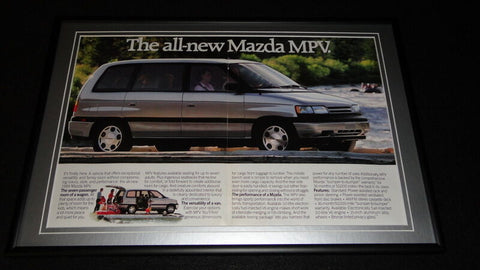 1989 Mazda MPV Framed 12x18 ORIGINAL Advertisement 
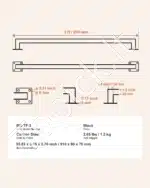 Profesionalus metalinis laiptų turėklas 91 cm - Image 7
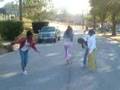ROLLONG IN THE STREET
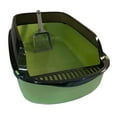 thumbnail image 2 of Gazechimp Cat Easy Cleaning Container Tray Kitty Sturdy Cat Toilet Sand Box Green, 2 of 8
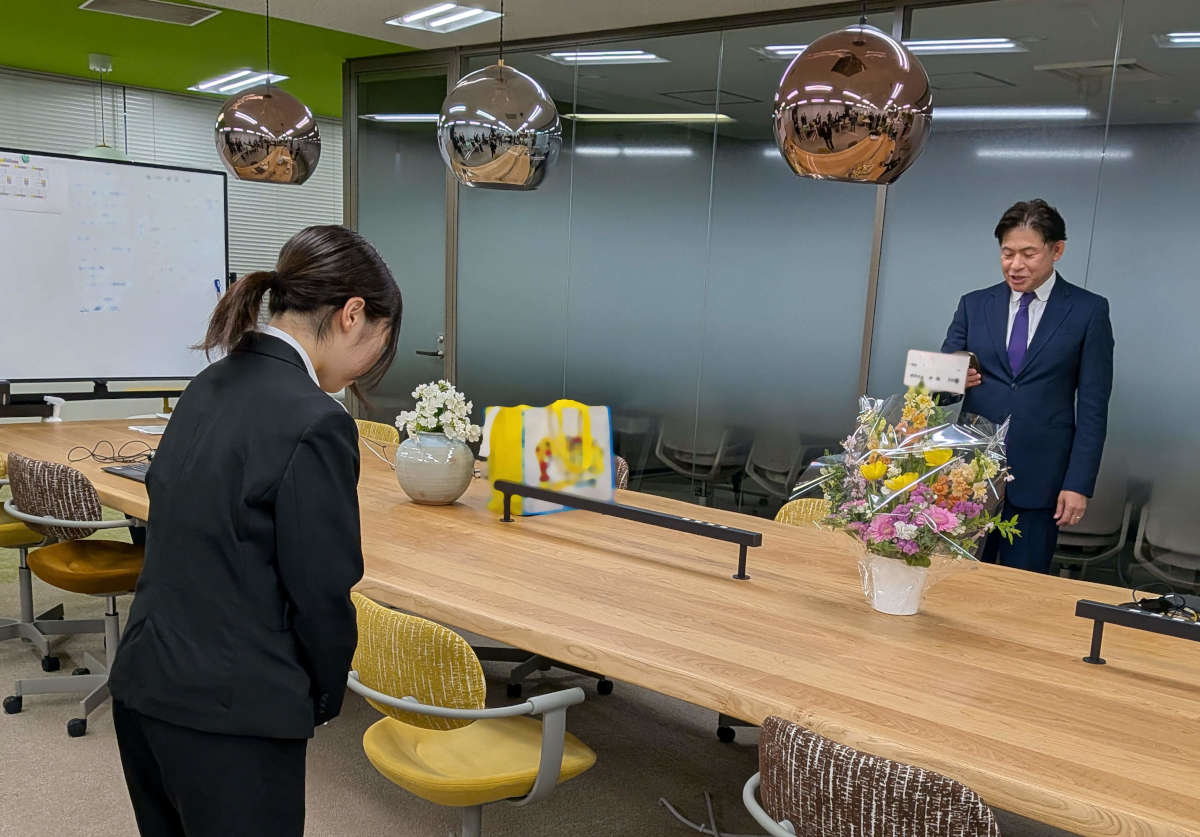 斎藤英次商店の入社式における社長訓示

________________

▶ [WHAT IS EXPECTED]:
Without the images, output all the entries exactly as they stand.

▶ [YOUR SOLUTION]:
 1989 Mazda MPV Framed 12x18 ORIGINAL Advertisement 
 Profesionalus metalinis laiptų turėklas 91 cm - Image 7
ROLLONG IN THE STREET
 thumbnail image 2 of Gazechimp Cat Easy Cleaning Container Tray Kitty Sturdy Cat Toilet Sand Box Green, 2 of 8
 斎藤英次商店の入社式における社長訓示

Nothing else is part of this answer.